29 de janeiro de 2015

Maternidade Ativa: Amamentação precisa de apoio!

imagem: arquivo pessoal

Que eu sou ativista da amamentação vocês já sabem! Expliquei meus motivos aqui e aqui. Também vivi todo o caos que vivem as mães para conseguir amamentar um filho em uma época onde valoriza-se tanto o artificial, o distanciamento... meu primeiro filho mamou até 1 ano e 6 meses e eu achei pouco, eu penso que deveria ter sido mais, mas ele foi deixando assim que engravidei. Desconfio que aqueles anticorpos ainda fazem falta nele... Meu filho do meio mamou até os 2 anos e 4 meses, desmamou sozinho; meu caçula mamou até 2 anos e 11 meses e também largou o peito e seguiu para a vida de menino.
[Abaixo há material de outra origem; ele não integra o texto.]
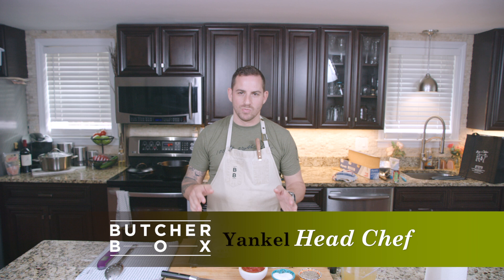Hey everyone, Yankle here. We're gonna work on braising some bone-in chicken thighs.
Sobre amamentação, eu já fiz piada, já ri e já chorei, já invejei gente que deixava o bebê de poucos meses na casa da vó e ia viajar, passear ou fazer um curso. Sim, não é fácil a vinculação da amamentação exclusiva: ela é feita e projetada pela natureza para só-dar-certo-com-você. Ninguém mais serve, só a mãe!

E para combater o romantismo, os floreios, os rococós que as próprias mães fazem sobre tudo que envolve a maternidade, trago aqui a história de uma mãe que tinha uma ideia fixa: amamentar a filha com leite materno exclusivo! A despeito de comentários negativos e das dores - inevitáveis - a Amanda insistiu e agora conta como foi, sem enfeites, sua vida real com a amamentação da filha.

Vamos lá!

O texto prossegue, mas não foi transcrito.